We won’t describe the $indexStats output as there is plenty of documentation and many good articles out there that cover this topic. Instead, we will supply six considerations on different areas when using the $indexStats operator.

Consideration 1: Statistics are reset on every service restart

Always pay extra attention to the “accesses.since” field when using the $indexStats operator. Some query patterns might be infrequent, such as an end of day batch process or a weekly report, so make sure the duration of the statistics you are going to evaluate covers your needs. The following script allows you to set a threshold (in hours) and will print a warning if an unused index doesn’t comply.

threshold_hours=24; 

db.foo.aggregate( [ { $indexStats: { } } ] ).forEach(function(f){if (f.accesses.ops==0) 
{if (ISODate()-f.accesses.since < threshold_hours*3600*1000) {print('Index: ' +f.name+ ' accessed: 
' +f.accesses.ops+ ' times, Status:WARNING, The duration of statistics DOES NOT meet your compliance')} 
else {print('Index: ' +f.name+ ' accessed: ' +f.accesses.ops+ ' times,  Status:OK The duration of 
statistics meet your compliance');};}})

What is the right threshold for you? There’s no simple answer. Not all statement patterns are executed with the same frequency, so the right threshold varies from application to application and may also be different per collection within the same database.

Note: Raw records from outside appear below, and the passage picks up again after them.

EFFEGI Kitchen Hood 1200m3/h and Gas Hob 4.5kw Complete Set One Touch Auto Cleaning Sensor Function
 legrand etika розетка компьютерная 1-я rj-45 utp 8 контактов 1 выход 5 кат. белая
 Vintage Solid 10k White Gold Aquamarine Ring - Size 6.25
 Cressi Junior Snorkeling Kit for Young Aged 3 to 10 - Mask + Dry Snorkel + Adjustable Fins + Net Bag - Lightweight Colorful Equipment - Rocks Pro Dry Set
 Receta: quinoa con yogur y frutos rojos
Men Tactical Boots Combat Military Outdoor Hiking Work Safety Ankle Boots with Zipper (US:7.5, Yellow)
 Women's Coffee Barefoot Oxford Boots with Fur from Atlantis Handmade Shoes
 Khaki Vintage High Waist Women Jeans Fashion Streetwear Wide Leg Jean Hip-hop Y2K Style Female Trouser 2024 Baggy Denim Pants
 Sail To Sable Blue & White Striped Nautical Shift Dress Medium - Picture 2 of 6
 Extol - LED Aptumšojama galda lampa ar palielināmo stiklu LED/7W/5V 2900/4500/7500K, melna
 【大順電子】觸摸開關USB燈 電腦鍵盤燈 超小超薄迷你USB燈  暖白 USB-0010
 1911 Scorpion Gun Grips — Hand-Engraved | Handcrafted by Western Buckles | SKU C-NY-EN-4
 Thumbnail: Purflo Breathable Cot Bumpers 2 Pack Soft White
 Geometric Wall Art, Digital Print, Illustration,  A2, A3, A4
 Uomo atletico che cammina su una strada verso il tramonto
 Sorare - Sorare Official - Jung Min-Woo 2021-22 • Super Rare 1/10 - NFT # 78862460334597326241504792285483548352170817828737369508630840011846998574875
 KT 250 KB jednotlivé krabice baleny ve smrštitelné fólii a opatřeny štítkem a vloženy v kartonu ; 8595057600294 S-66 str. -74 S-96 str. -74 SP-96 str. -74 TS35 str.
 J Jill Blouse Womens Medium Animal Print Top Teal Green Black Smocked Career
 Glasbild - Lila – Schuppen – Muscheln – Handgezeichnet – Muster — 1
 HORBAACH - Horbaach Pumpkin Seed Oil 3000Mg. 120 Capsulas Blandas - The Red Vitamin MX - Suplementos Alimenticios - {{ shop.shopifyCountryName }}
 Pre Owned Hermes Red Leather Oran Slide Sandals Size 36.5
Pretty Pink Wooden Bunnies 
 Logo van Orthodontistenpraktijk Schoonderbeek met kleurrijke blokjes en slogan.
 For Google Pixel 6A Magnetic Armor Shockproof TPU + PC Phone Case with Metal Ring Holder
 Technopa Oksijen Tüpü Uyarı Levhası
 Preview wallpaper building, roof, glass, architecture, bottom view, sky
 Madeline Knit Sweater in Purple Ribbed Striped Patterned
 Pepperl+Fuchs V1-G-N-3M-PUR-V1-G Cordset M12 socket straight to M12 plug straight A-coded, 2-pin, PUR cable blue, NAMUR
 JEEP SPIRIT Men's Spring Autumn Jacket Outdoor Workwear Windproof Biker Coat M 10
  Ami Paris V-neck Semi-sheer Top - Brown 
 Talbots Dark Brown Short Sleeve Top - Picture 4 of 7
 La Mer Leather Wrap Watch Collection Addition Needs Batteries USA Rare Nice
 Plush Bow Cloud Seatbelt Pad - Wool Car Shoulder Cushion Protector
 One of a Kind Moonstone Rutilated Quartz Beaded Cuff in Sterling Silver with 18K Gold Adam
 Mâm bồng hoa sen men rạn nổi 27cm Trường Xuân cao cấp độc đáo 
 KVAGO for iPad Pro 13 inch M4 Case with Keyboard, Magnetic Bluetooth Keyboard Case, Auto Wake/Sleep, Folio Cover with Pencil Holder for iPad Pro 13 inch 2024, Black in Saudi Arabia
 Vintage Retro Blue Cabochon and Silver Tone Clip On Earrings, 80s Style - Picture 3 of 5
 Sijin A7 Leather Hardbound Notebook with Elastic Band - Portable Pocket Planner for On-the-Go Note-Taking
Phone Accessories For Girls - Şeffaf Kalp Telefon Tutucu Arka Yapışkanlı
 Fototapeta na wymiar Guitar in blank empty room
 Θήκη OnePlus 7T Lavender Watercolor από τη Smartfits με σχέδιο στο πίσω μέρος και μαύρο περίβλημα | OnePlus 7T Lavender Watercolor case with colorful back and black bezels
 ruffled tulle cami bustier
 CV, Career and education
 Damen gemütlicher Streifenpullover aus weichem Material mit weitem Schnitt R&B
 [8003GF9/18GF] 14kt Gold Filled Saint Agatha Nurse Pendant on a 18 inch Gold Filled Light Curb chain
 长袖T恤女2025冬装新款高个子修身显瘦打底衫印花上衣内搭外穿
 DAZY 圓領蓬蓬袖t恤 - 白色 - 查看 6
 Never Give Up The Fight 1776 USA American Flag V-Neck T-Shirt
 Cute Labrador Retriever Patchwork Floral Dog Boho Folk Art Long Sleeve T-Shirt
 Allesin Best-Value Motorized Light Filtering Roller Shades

Consideration 2: Secondary reads

By default, $indexStats reads from the Primary. If your application only reads from the Secondaries, running the $indexStats against the Primary will lead to the wrong conclusions. In order to read the results from the Secondaries, you may use the script from the first consideration above, but execute db.getMongo().setReadPref(‘secondary’) before running it, which forces the command to read from the Secondaries.

The question now is “what if a collection receives both Primary and Secondary reads?” Using the following script, you can populate the idx array with the indexes that are unused on both Primary and Secondary:

idx=[];

db.foo.getIndexes().forEach(function(f){idx.push(f.name)})
db.getMongo().setReadPref('primary');
db.foo.aggregate( [ { $indexStats: { } } ] ).forEach(function(f){if (f.accesses.ops>0) 
{ var index = idx.indexOf(f.name); if (index > -1) {idx.splice(index, 1);};}})
db.getMongo().setReadPref('secondary');
db.foo.aggregate( [ { $indexStats: { } } ] ).forEach(function(f){if (f.accesses.ops>0) 
{ var index = idx.indexOf(f.name); if (index > -1) {idx.splice(index, 1);};}})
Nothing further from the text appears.